Customer data most popular stolen item for departing workers, claims industry survey

Out-Law News | 19 Aug 2010 | 4:03 pm | 1 min. read

Customer data is the most likely item to be stolen from a company by departing employees and contractors, according to a survey by an IT security company. Over half of the UK workers it talked to said they would take company property on leaving a job.

Identity management technology firm SailPoint found that 52% of the 1,065 UK workers it talked to would take a former employee's property. It found that 23% of those interviewed would take customer data and contact details.

It found that 22% of the workers would take electronic files with them when they left, while the same number would take stationery. Product information and designs would only be taken by 17% of the workers.

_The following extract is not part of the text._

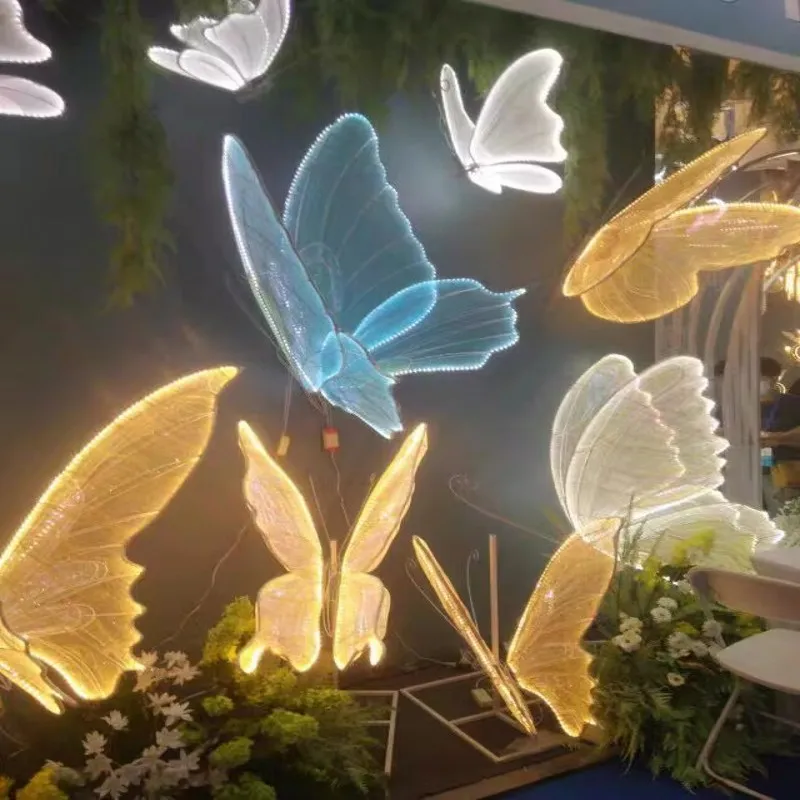 Светящиеся крылья бабочки для свадьбы подвесное украшение потолка сценическая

SailPoint's software controls and monitors employees' access to applications and data. Company founder Jackie Gilbert said that its survey results indicate that employees, and companies, do not yet treat information as a valuable enough asset. In the context of the frequency with which people change companies this is a problem, she said.

"Many employees may not believe that taking company data is equivalent to stealing," said Gilbert. "[This] highlights what I call a 'moral grey area' around ownership of electronic data. We see this in the fact that there are more workers who are comfortable taking various forms of company data, such as customer contact information, than workers who would take a stapler."

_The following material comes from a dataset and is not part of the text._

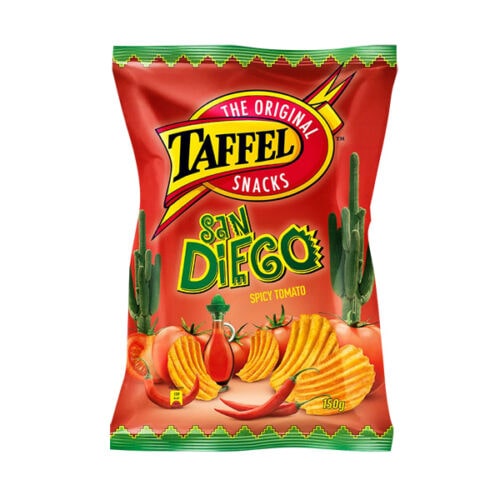 TAFFEL San Diego Spicy Tomat 130g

The survey also uncovered evidence suggesting that employees are not keen to profit from information that is not theirs. The survey asked the 1,000 UK workers and 2,500 US workers what they would do if they were given access to a confidential file by mistake.

While 57% of the UK workers said they would look at the file, only 1% said that they would attempt to sell the information.

Gilbert said that the readiness of workers to take a company's data, which can be valuable in itself or can cause huge damage to an organisation, poses a challenge to firms. They must balance security needs with the need of workers to have access to the information they need in order to do their job.

"Companies need to clearly define policies in this area and educate workers about treatment of confidential data," she said. "Step two is to strictly limit and control what applications and data are accessible and to put automated systems in place to promptly remove access when an employee transfers roles or leaves the company."

"As a step three, companies should conduct quarterly access reviews to ensure that employees truly need the access privileges they have - especially for highly sensitive systems. Companies may also need to monitor the activity of employees who access highly confidential data in order to prevent incidences of fraud or data breaches," she said.